While the term trustees de son tort was correct, the common assumption that it refers to a meddler in trust affairs was not the case. It was apt to describe their position as an intended express trustee whose appointment had failed. They had many of the fiduciary duties of duly appointed express trustees and for this reason the term and “some of the incidents of express trusteeship may then apply to an honest de facto trustee”.
It was agreed that the appellants could not rely on indemnity under the terms of the Trust Deed. This applied only to an express trustee. The Court did muse that costs could have been awarded under s 71 of the Trustee Act 1956, but decided it was unnecessary to use this provision, which permitted applicants are not strictly limited to express trustees.
Kós P went on to find that “It is one of the fundamental rights of an honest express trustee that costs and expenses properly incurred in the administration of the trust are compensable out of the assets of the trust… The proposition is so fundamental that it need not be justified.” The right was to indemnification for reasonable costs – not an award of indemnity costs.
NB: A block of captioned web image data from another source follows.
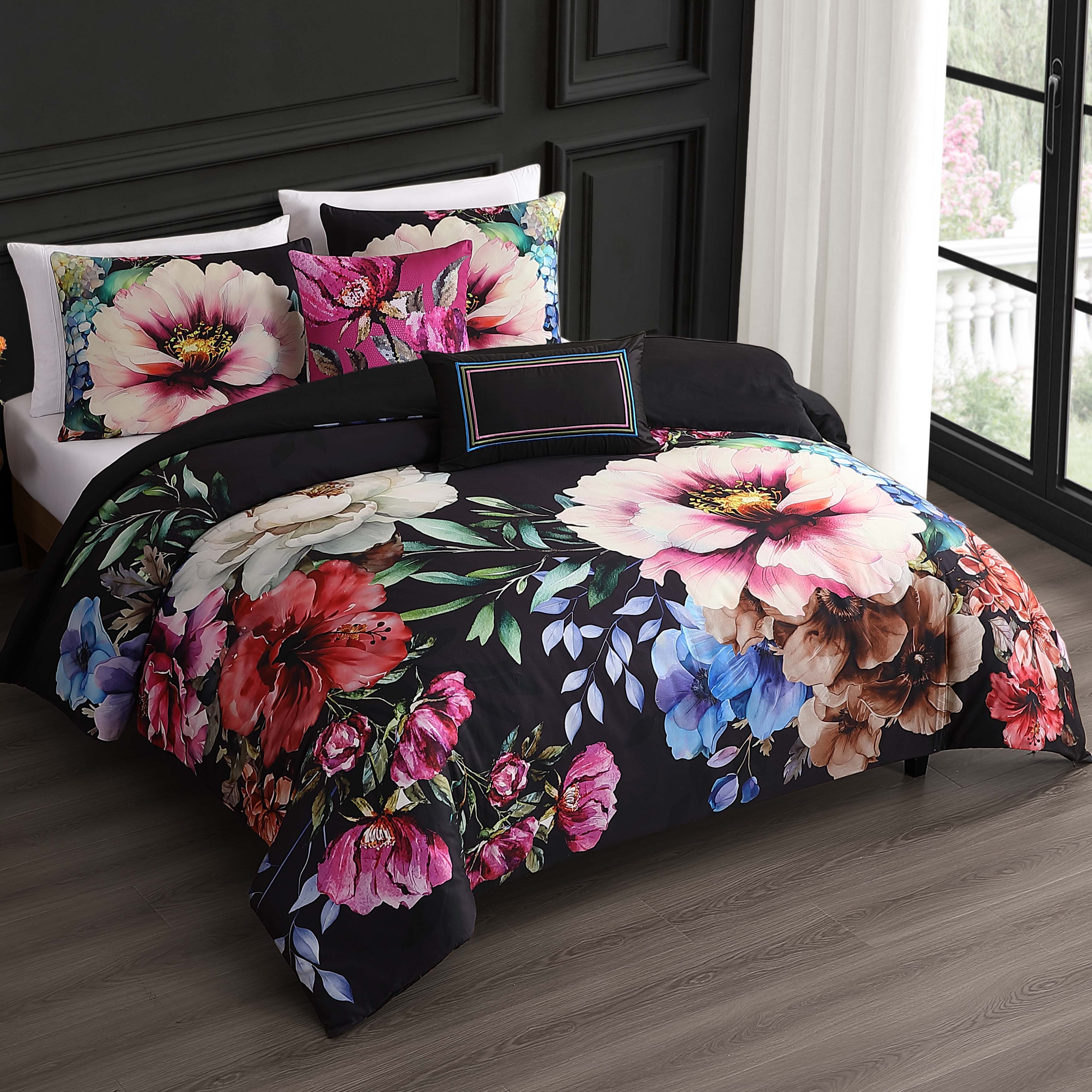 Bebejan Black Night Poppies 5 Piece Reversible Comforter Set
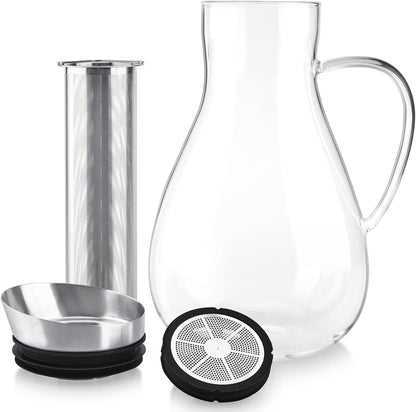 Teabloom Large Multi-Brew Glass Teapot + Kettle + Pitcher (68 OZ / 2.0 L / 8 CUPS) – Brew and Serve Hot Tea, Iced Tea, Cold Brew Tea and Fruit Infused Water – Silhouette Tea Maker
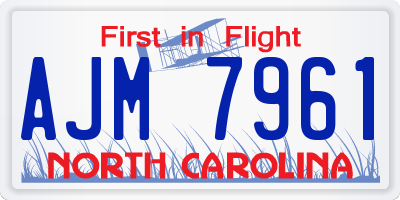 NC license plate AJM7961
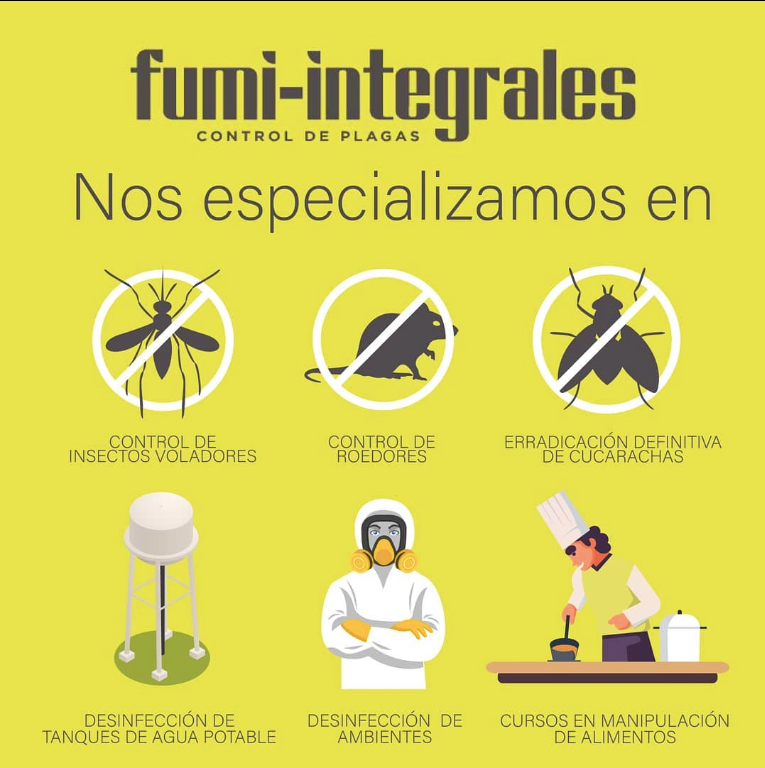 Servicios de Fumi Integrales: control de insectos, roedores, cucarachas, desinfección de tanques y ambientes, y cursos de manipulación de alimentos.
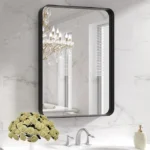 Black Metal Framed Bathroom Mirror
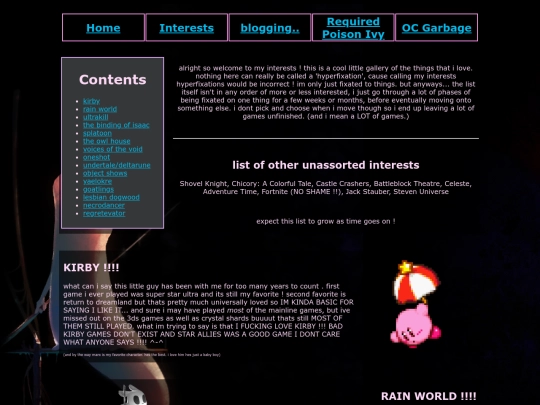 interests screenshot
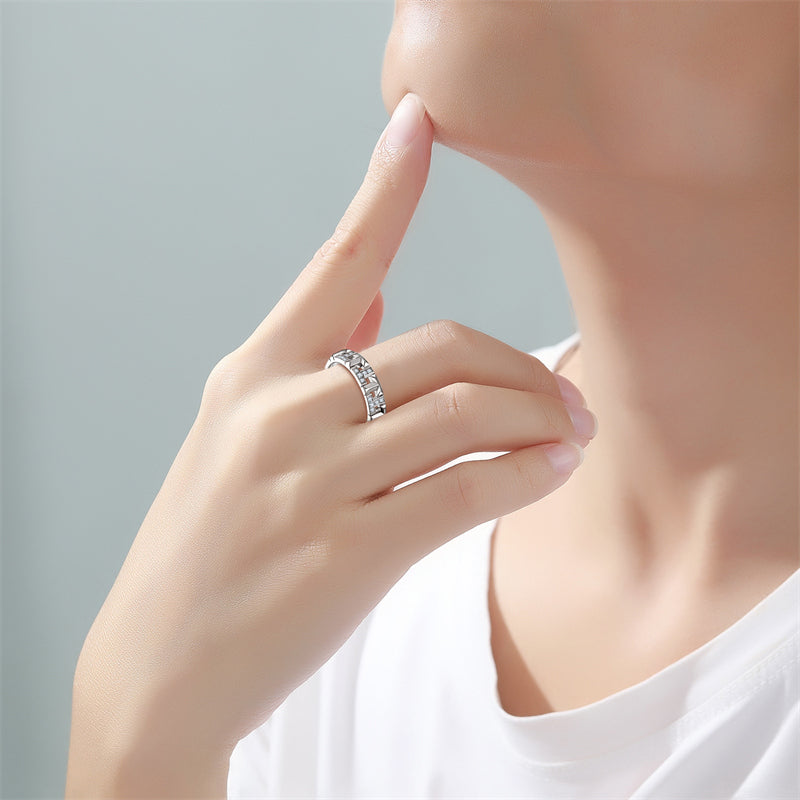 925 Sterling Silver Wide Band T-Ring – Elegant Zircon Letter Jewelry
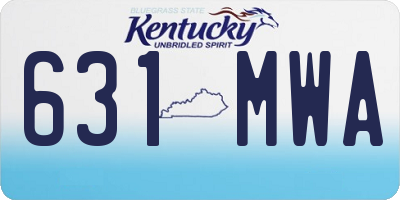 KY license plate 631MWA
It was open to former trustees to claim such costs from their successors, or else from the court. He also observed that the same applies to constructive trustees, acting reasonably and in good faith, when they incur costs in administering a trust on a de facto basis.
- Butterfield v Public Trust  NZCA 367
- Pearce v Pearce (1856) 22 Beav 248, 52 ER 1103
- Lynton Tucker and others Lewin on Trusts (19th ed, Sweet & Maxwell, London, 2015) at [42-01].